# Premium diesel in Spain?



## alphadee (May 10, 2009)

Is premium diesel widely available in northern Spain? Any recent prices would be interesting if possible...


----------



## Mrplodd (Mar 4, 2008)

Don't waste your money, use the standard product and save youself
a few Euro's


----------



## BrianJP (Sep 17, 2010)

Both Repsol and Cepsa sell it all over Spain


----------



## TheNomad (Aug 12, 2013)

Yes. It's at literally every garage all across Spain, alongside regular diesel. 
Both the two big boys in Spain, CEPSA and REPSOL, do it at all their service stations.
Maybe a 5% price premium over normal diesel.

But I'm intrigued..........what's wrong with regular diesel?

I've never used anything other than regular in all my cars and motorhomes.


----------



## BrianJP (Sep 17, 2010)

Actually does good now and then to run a tank full of premium through the engine to clean injectors and pump.Many specialists recommend this rather than using additives.


----------



## Stanner (Aug 17, 2006)

TheNomad said:


> Yes. It's at literally every garage all across Spain, alongside regular diesel.
> Both the two big boys in Spain, CEPSA and REPSOL, do it at all their service stations.
> Maybe a 5% price premium over normal diesel.
> 
> ...


It all depends on whose regular diesel.

I didn't think there was anything to be gained from using premium diesel until about a year ago.

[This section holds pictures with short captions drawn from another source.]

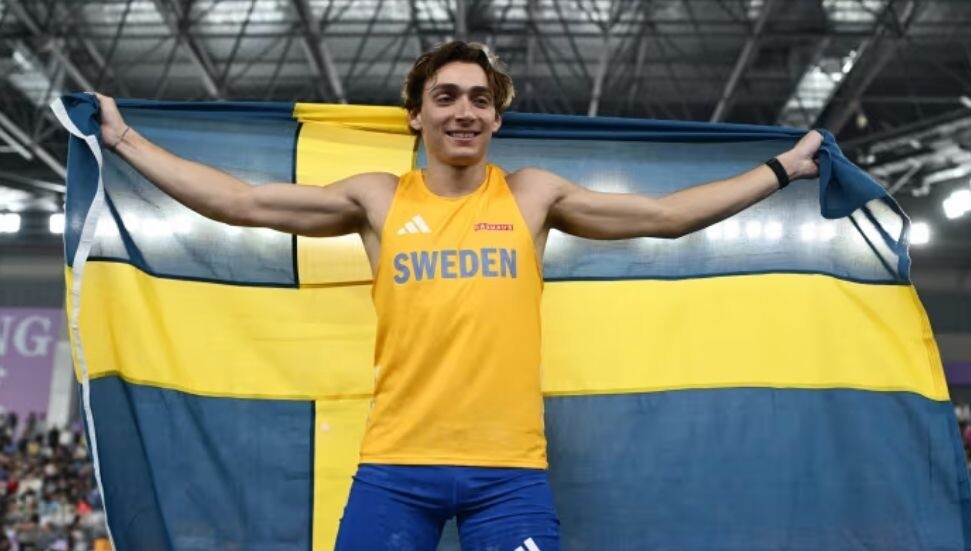 Armand Duplantis, dünya rekorunu 12'nci kez kırdı!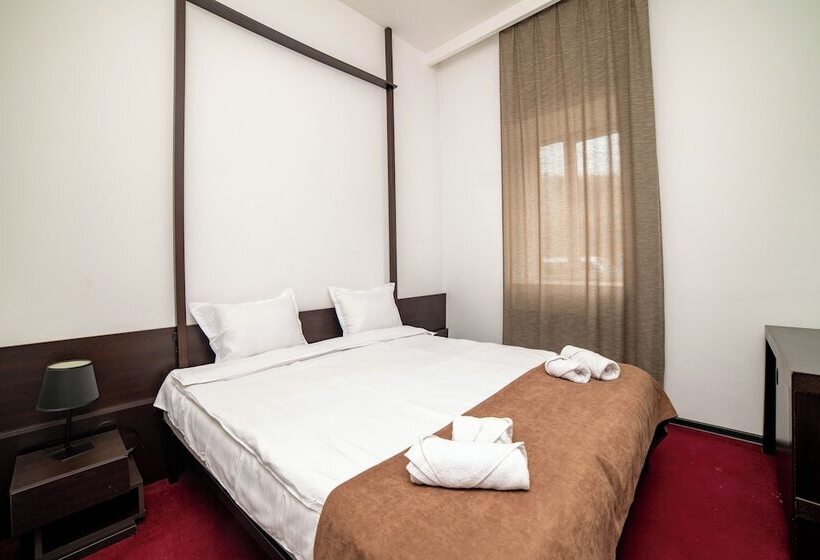 هتل Rcheuli Marani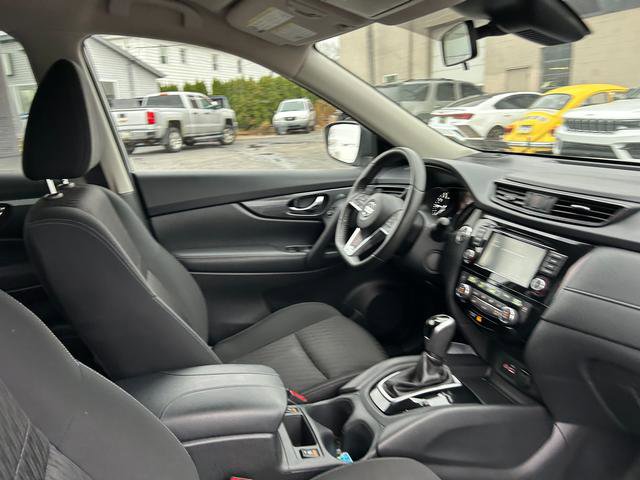 Used 2020 Nissan Rogue SV image 25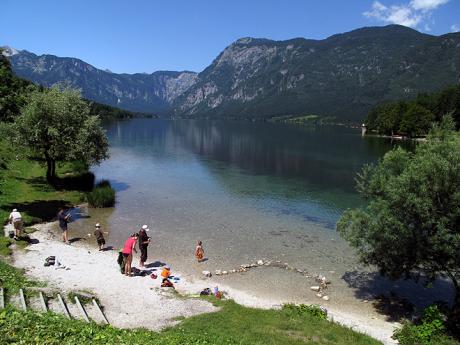 Idylické zastavení na břehu Bohinjského jezera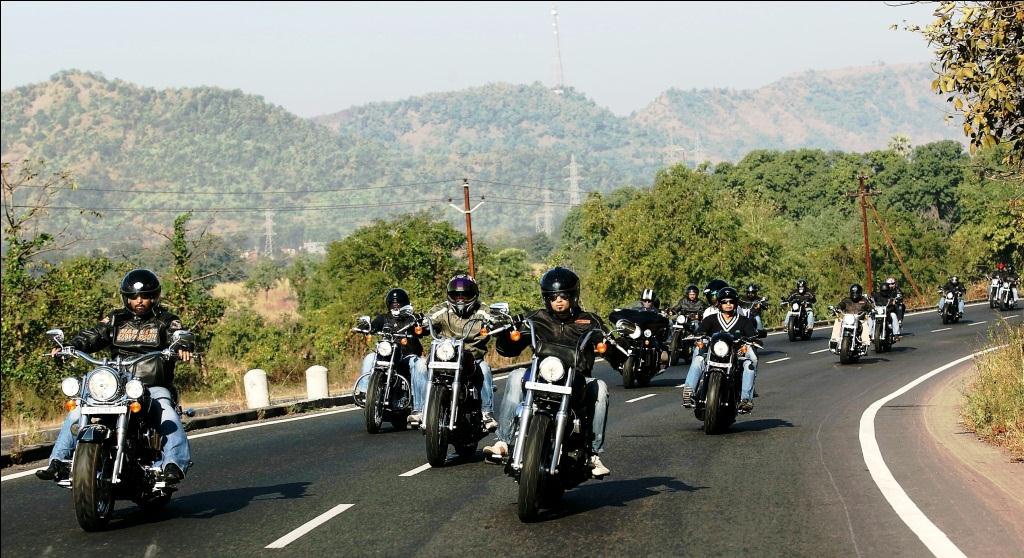 Apa maksudnya seorang pemoge &lsquo;sunmori&rsquo;? Kenapa moge-nya tidak dipakai  harian saja? - Quora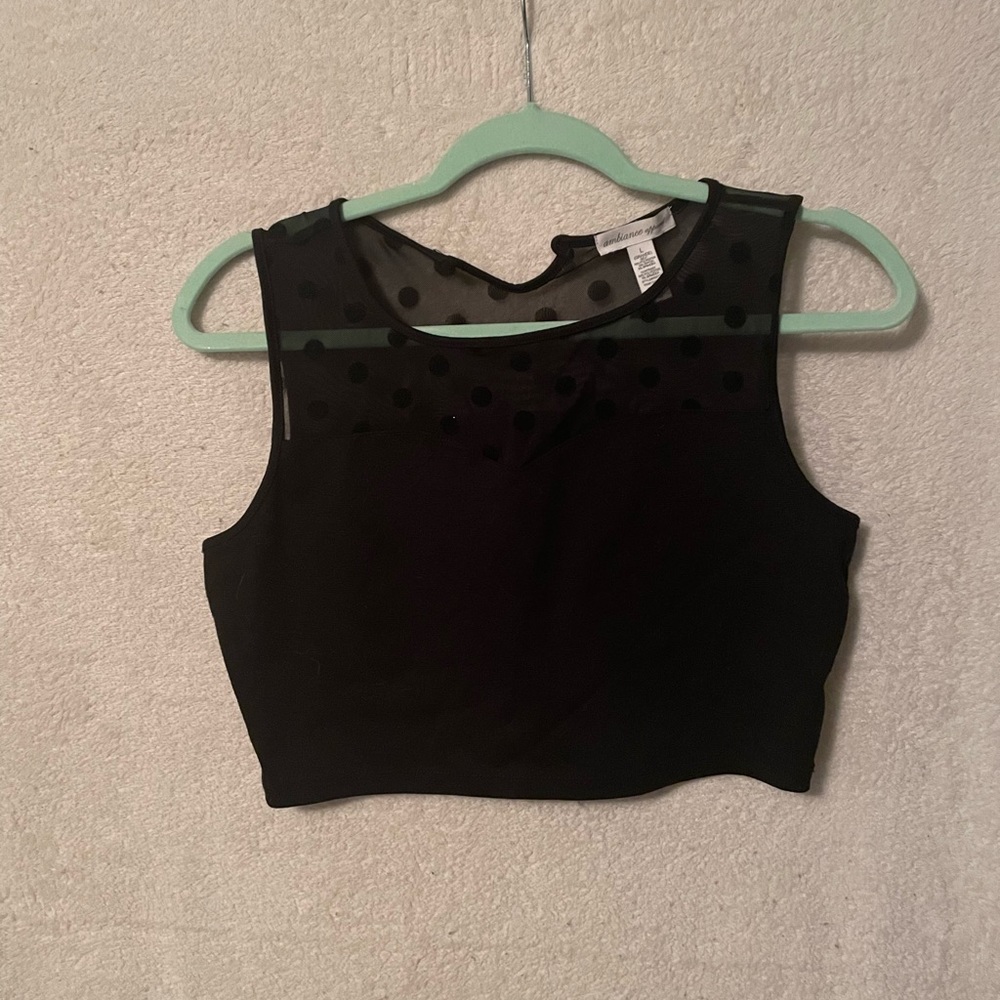 Cute form fitting black crop top!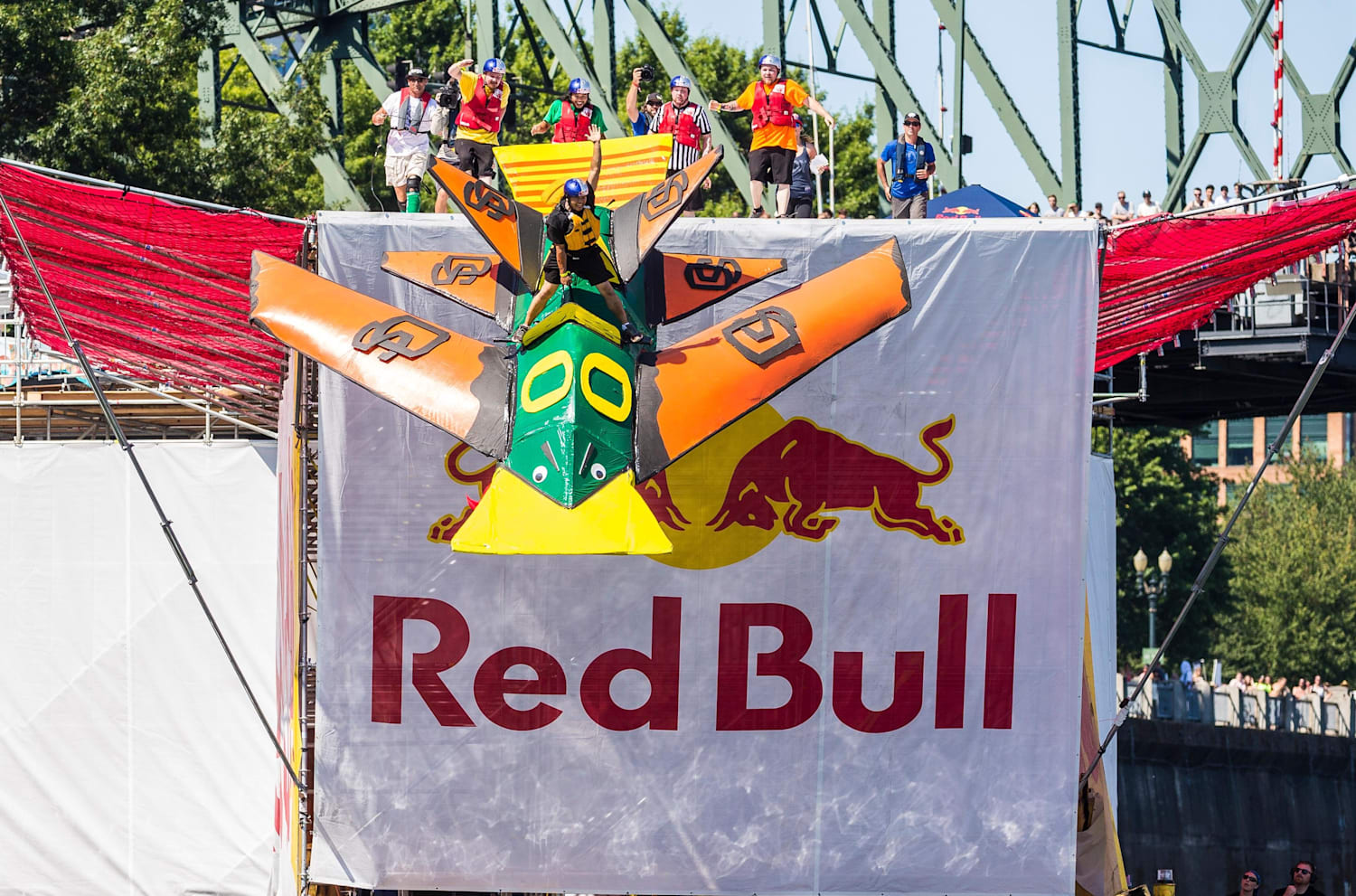 Video highlights from Red Bull Flugtag 2015 in Portland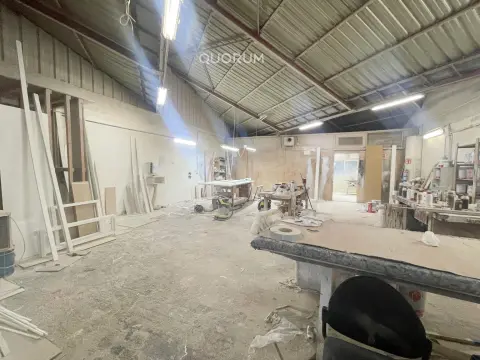 Local Comercial Con Mas 300M2 En Bolueta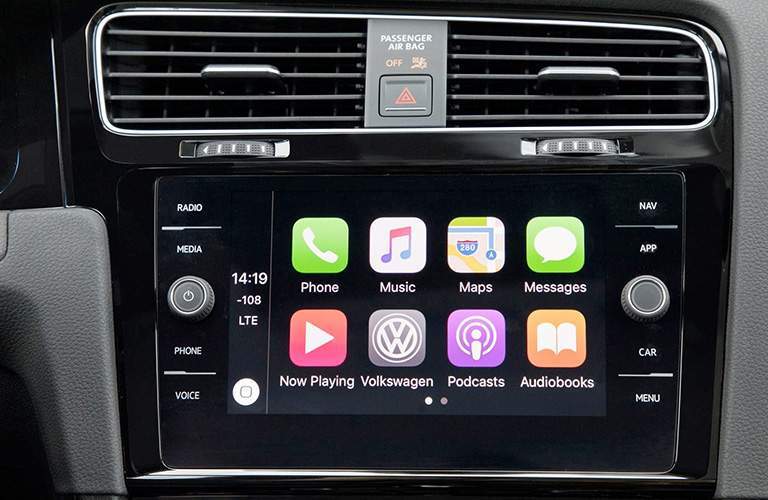 2018 Volkswagen Golf touch screen display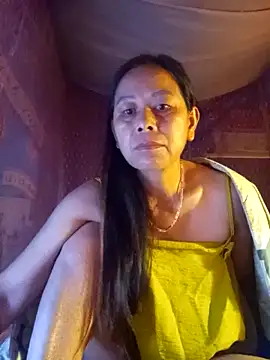 Ari-Na9 online show from May 2026 07:50:02 PM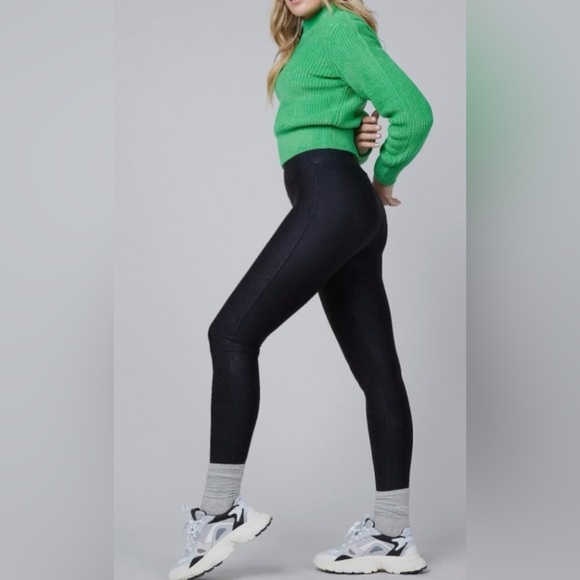 Spanx Faux Leather Black Snake Skin Leggings - Size Medium - Picture 3 of 16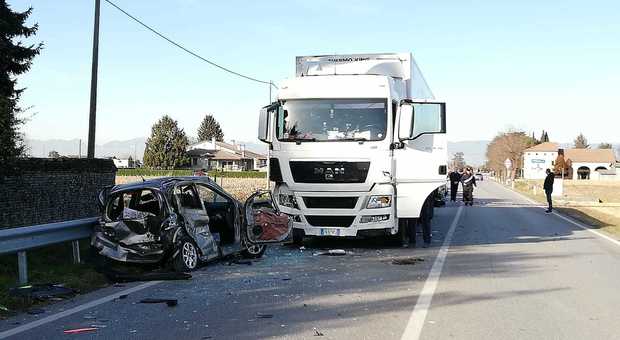 Le immagini dell'incidente a Piazzola sul Brenta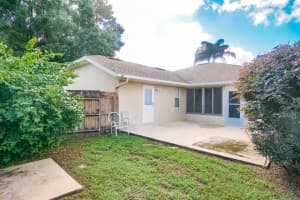 7444 Floral Cir, Lakeland, FL 33810, Sold 11/09/21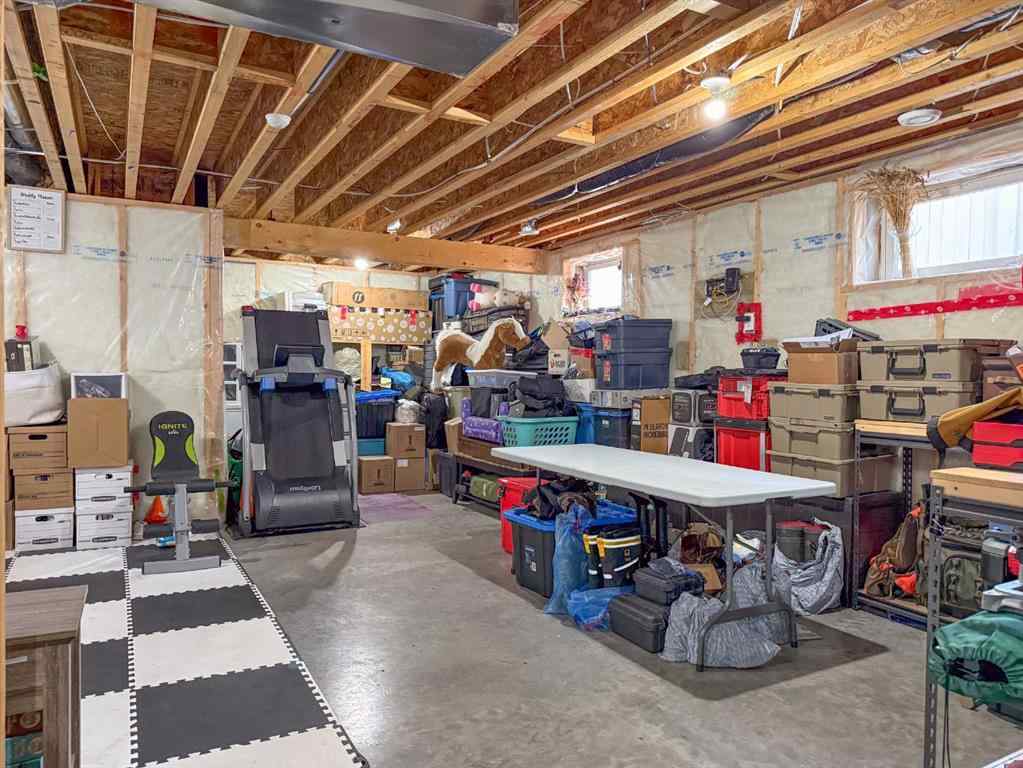 MLS® A2248193 - 3307 52nd Street  in Creekview Camrose, Residential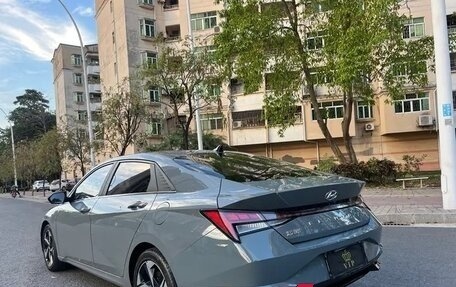 Hyundai Elantra, 2022 год, 1 350 000 рублей, 4 фотография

My Alfa JTD had developed a very slight hesitation (not really a flat spot) when accelerating away from a stop or Give Way junction.

One night I had to drive up to Wisbech and thought I had enough fuel to get there and back - I didn't.

After setting off home I went into the Shell garage on the A.47 and all they had was V-Power diesel. I cursed like mad and reluctantly bought 10 litres that went into a virtually empty tank just to get me home to cheaper diesel.

I drove the 35 miles home and as I turned the last corner and accelerated away from the junction noticed that the hesitation was totally cleared and the car accelerated away far more cleanly than it ever had in all the time I had owned it.

I now run a tank of V-Power through it every 5 or 6 fill ups.


----------



## teemyob (Nov 22, 2005)

It is up to the retailer within reason what Premium they add for premium diesel. I once stopped at a Garage who were charging 20p more (BP Formby).

In France and Spain, I find it is only a few cents more. So I often fill up with it.

In Framce and Spain in August. I was paying around 4-10 Cents a litre more.

Our Local Shell Garage Charges about 15p more.

TM


----------